Give back the full listing exactly, setting the pictures aside.

** Records for this task follows **

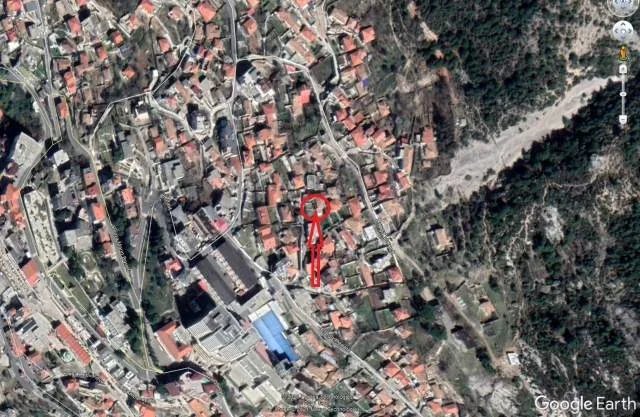 Kruje, Shitet Truall + Ndërtesë 2 Kate, Cmimi Fillestar 6,551,010 Leke (Lagja Nr.1)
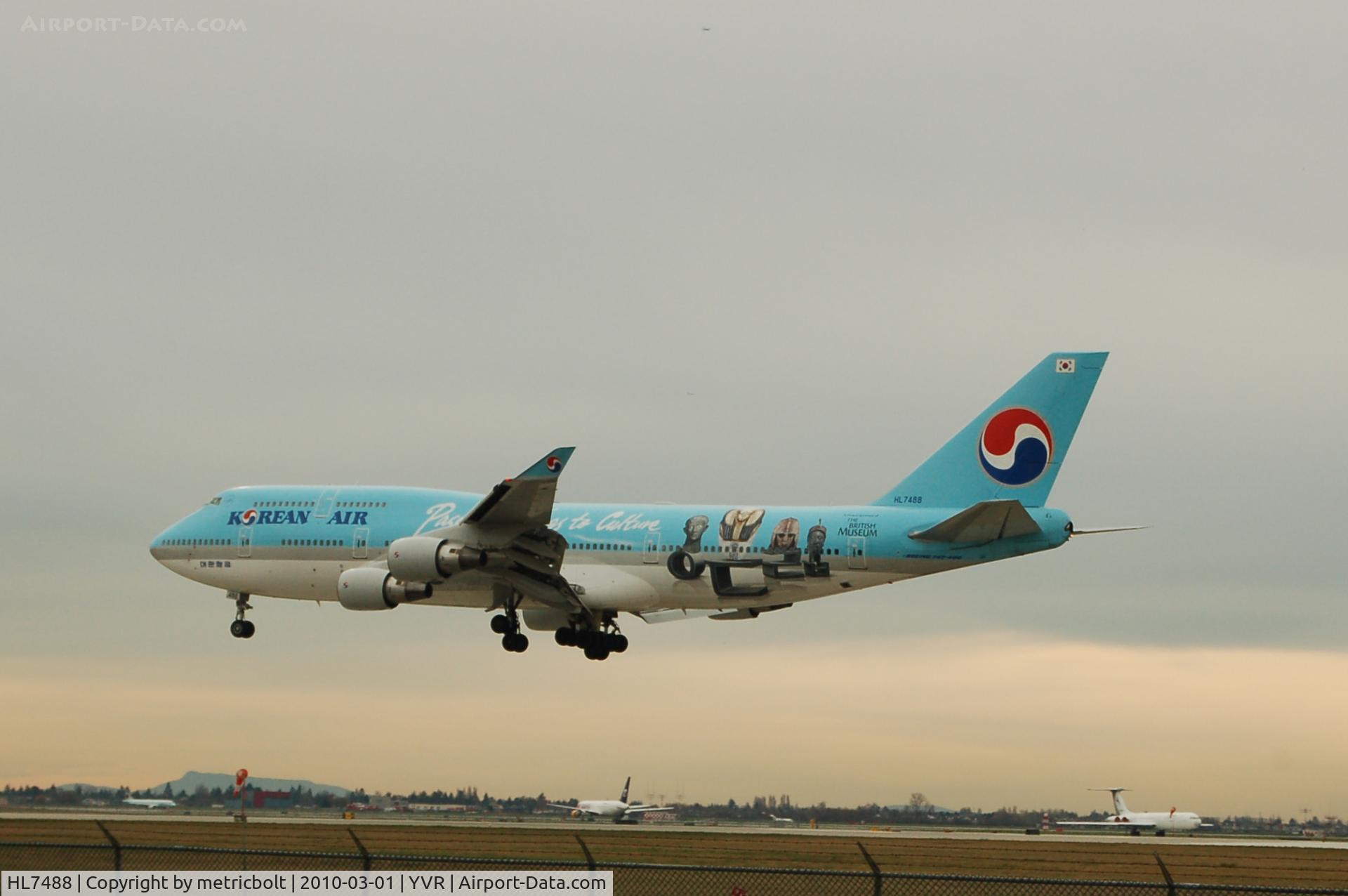 HL7488, Boeing 747-4B5 C/N 26394, Landing at YVR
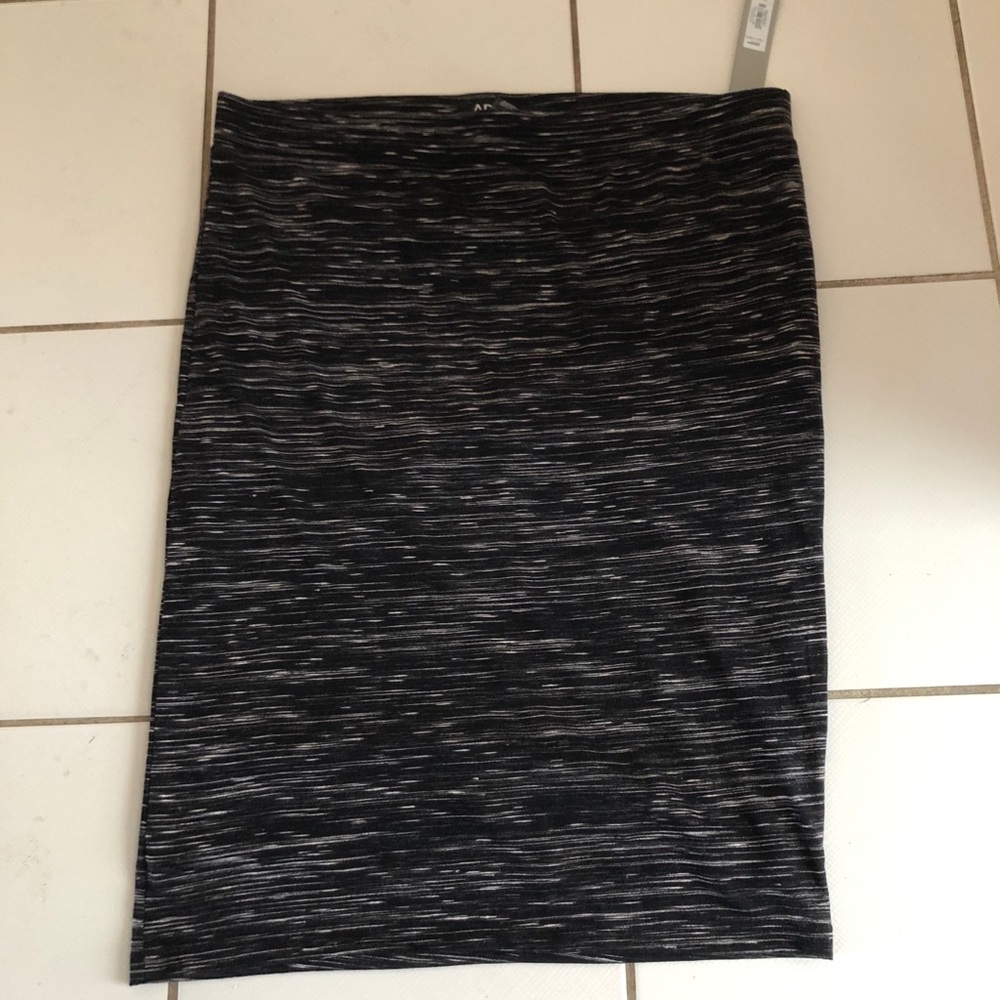 APT.9 Long Pencil Skirt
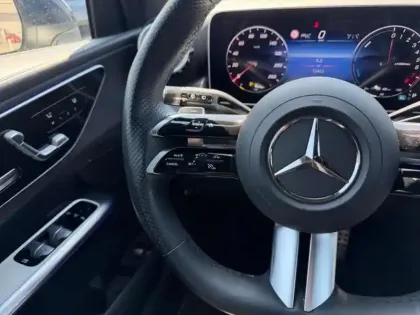 Photo 37 Mercedes GLC  400 e 4MATIC AMG Line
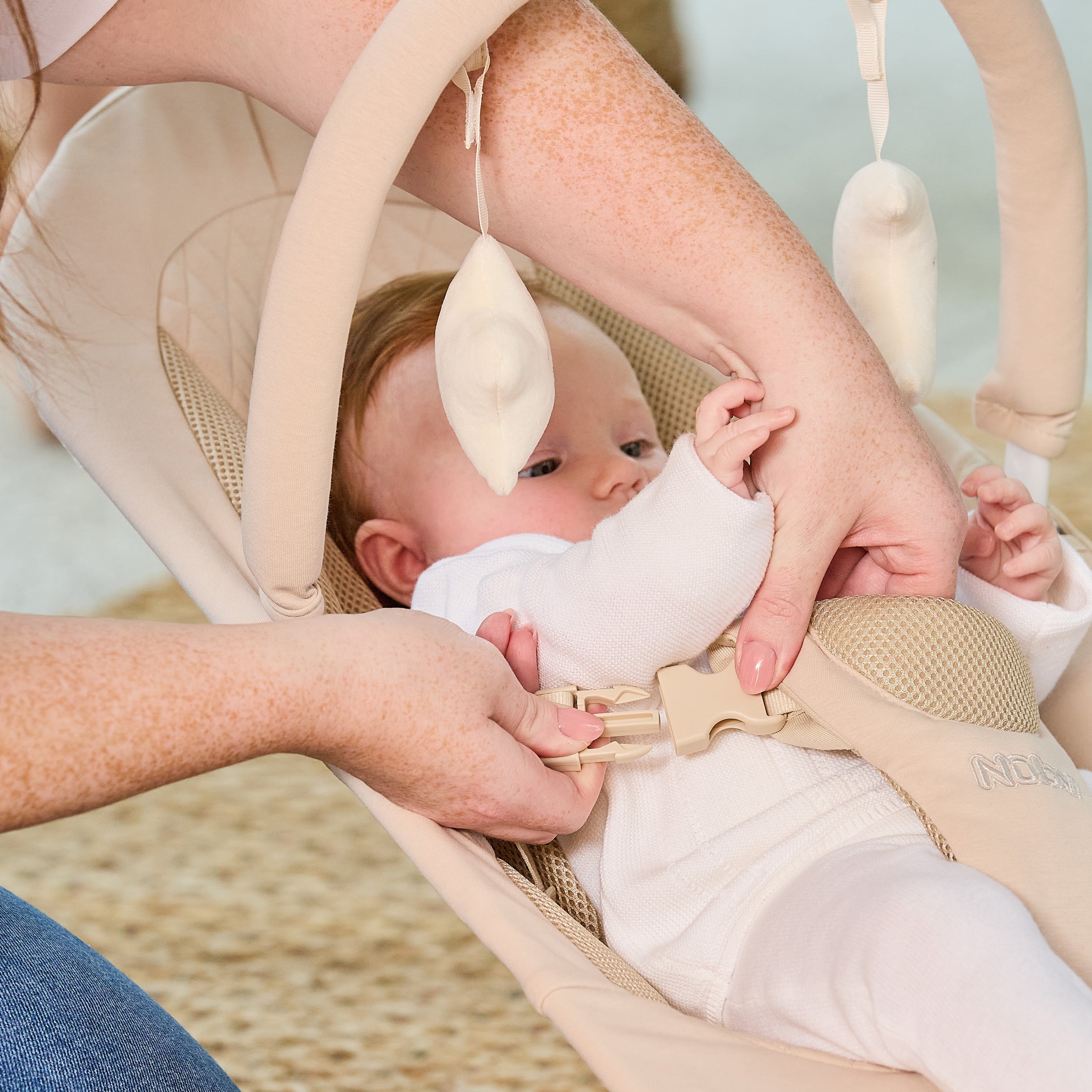 Deluxe Baby Bouncer Seat | Khaki (MXH1)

** End of Records for this task **

**Response:**
 Kruje, Shitet Truall + Ndërtesë 2 Kate, Cmimi Fillestar 6,551,010 Leke (Lagja Nr.1)
 HL7488, Boeing 747-4B5 C/N 26394, Landing at YVR
 APT.9 Long Pencil Skirt
 Photo 37 Mercedes GLC  400 e 4MATIC AMG Line
 Deluxe Baby Bouncer Seat | Khaki (MXH1)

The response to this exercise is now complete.